Ketegangan pertama terjadi sekitar dua pekan lalu saat Qatar mempublikasikan cerita yang mengatakan Al Thani telah menyebut Iran 'sebagai negara regional dan kekuasaan Islam yang tidak bisa diabaikan'. Menurut Qatar, kantor berita dan akun Twitter milik pemerintah diretas dan cerita itu adalah palsu. Namun, sejumlah media yang terkait dengan pemerintah Qatar terus mempublikasikan cerita tersebut.

Alhasil, Arab Saudi, Uni Emirat Arab, Bahrain, dan Mesir memblokir akses ke Al Jazeera dan situs-situs afiliasinya.

Kendati demikian, Amerika Serikat memiliki hubungan yang erat dengan kedua negara. Arab Saudi merupakan aliansi terdekat AS di kawasan Teluk. Sementara Qatar merupakan rumah bagi pangkalan udara al-Udeid dan hampir 10.000 pasukan AS.

Qatar juga bukan orang luar bagi negara Barat. Qatar dijadwalkan akan menjadi tuan rumah FIFA World Cup 2022, yakni turnamen internasional sepakbola yang akan berlangsung sebulan penuh dan merupakan ajang olahraga paling populer dunia. Qatar juga merupakan produsen liquefied natural gas terbesar dunia dan memiliki sebagian underwater field dengan Iran.

Arab Saudi merupakan satu-satunya negara yang tanahnya berbatasan langsung dengan Qatar. Penduduk Qatar yang populasinya lebih dari 2,5 juta orang hidup dari truk-truk penyuplai barang yang melewati perbatasan kedua negara.

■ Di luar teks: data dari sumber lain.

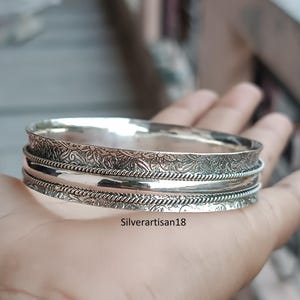Könnte beinhalten: Ein silbernes Armreif-Armband mit aufwendigen floralen und Seildetails. Das Armband wird in einer Hand gehalten und zeigt seine polierte Oberfläche und gravierten Muster. Ein klassisches Schmuckstück.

Menteri Luar Negeri Qatar menilai keputusan tersebut tidak adil karena didasarkan pada tuduhan tanpa bukti. Qatar berulang kali menegaskan negaranya tidak menyokong kelompok militan di kawasan. Namun, Qatar mendapat sambutan dingin dari negara-negara Sunni lainnya atas dukungannya terhadap Ikhwanul Muslimin (Muslim Brotherhood) di Mesir. Qatar juga penyokong dana utama di Gaza, yang dikontrol oleh Hamas. Hamas dinilai sebagai kelompok teroris oleh AS dan beberapa negara lainnya.

Menteri Luar Negeri AS Rex Tillerson, saat berbicara pada konferensi pers di Australia, mengatakan bahwa semakin banyak daftar hal-hal yang mengganggu di kawasan Teluk dalam beberapa bulan terakhir.

"Cukup jelas bahwa terjadi penggelembungan masalah hingga ke level di mana negara-negara terkait memutuskan untuk mengambil aksi untuk menangani perbedaan yang ada. Kami tentu saja akan mendukung pihak-pihak bertikai untuk duduk bersama dan mencari jalan keluarnya Dan kami -jika ada peran yang dapat kami jalankan untuk membantu mengatasi masalah yang ada- kami rasa sangat penting bagi GCC (Gulf Cooperation Council) untuk tetap bersatu," papar Tillerson.